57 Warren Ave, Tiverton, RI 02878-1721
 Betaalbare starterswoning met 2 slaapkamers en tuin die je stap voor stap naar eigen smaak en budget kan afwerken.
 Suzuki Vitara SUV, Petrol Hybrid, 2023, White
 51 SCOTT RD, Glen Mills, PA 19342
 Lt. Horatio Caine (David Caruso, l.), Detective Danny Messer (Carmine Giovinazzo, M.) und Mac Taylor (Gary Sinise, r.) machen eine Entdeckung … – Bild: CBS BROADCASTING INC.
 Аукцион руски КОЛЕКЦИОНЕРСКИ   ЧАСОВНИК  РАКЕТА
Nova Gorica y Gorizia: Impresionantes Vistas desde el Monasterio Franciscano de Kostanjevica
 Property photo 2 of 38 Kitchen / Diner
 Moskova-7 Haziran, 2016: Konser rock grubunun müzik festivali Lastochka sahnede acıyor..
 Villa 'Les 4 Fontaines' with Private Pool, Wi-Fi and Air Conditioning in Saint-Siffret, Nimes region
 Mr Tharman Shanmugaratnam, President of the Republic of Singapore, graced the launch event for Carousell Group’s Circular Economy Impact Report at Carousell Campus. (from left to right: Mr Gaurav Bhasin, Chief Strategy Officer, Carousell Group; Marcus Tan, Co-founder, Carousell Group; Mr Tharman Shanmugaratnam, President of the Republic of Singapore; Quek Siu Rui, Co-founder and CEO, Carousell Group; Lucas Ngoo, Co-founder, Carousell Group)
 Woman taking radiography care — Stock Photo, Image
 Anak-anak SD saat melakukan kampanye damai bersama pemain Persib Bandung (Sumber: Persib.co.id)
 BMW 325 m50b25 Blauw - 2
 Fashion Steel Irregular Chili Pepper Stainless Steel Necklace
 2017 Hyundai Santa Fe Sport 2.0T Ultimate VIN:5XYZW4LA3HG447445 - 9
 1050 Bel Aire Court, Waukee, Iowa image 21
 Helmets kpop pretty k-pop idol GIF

● **AIM OF THE EXERCISE**
Could the entries above be output once more, exactly as they are?

● **SOLUTION TO THE PROBLEM**
57 Warren Ave, Tiverton, RI 02878-1721
 Betaalbare starterswoning met 2 slaapkamers en tuin die je stap voor stap naar eigen smaak en budget kan afwerken.
 Suzuki Vitara SUV, Petrol Hybrid, 2023, White
 51 SCOTT RD, Glen Mills, PA 19342
 Lt. Horatio Caine (David Caruso, l.), Detective Danny Messer (Carmine Giovinazzo, M.) und Mac Taylor (Gary Sinise, r.) machen eine Entdeckung … – Bild: CBS BROADCASTING INC.
 Аукцион руски КОЛЕКЦИОНЕРСКИ   ЧАСОВНИК  РАКЕТА
Nova Gorica y Gorizia: Impresionantes Vistas desde el Monasterio Franciscano de Kostanjevica
 Property photo 2 of 38 Kitchen / Diner
 Moskova-7 Haziran, 2016: Konser rock grubunun müzik festivali Lastochka sahnede acıyor..
 Villa 'Les 4 Fontaines' with Private Pool, Wi-Fi and Air Conditioning in Saint-Siffret, Nimes region
 Mr Tharman Shanmugaratnam, President of the Republic of Singapore, graced the launch event for Carousell Group’s Circular Economy Impact Report at Carousell Campus. (from left to right: Mr Gaurav Bhasin, Chief Strategy Officer, Carousell Group; Marcus Tan, Co-founder, Carousell Group; Mr Tharman Shanmugaratnam, President of the Republic of Singapore; Quek Siu Rui, Co-founder and CEO, Carousell Group; Lucas Ngoo, Co-founder, Carousell Group)
 Woman taking radiography care — Stock Photo, Image
 Anak-anak SD saat melakukan kampanye damai bersama pemain Persib Bandung (Sumber: Persib.co.id)
 BMW 325 m50b25 Blauw - 2
 Fashion Steel Irregular Chili Pepper Stainless Steel Necklace
 2017 Hyundai Santa Fe Sport 2.0T Ultimate VIN:5XYZW4LA3HG447445 - 9
 1050 Bel Aire Court, Waukee, Iowa image 21
 Helmets kpop pretty k-pop idol GIF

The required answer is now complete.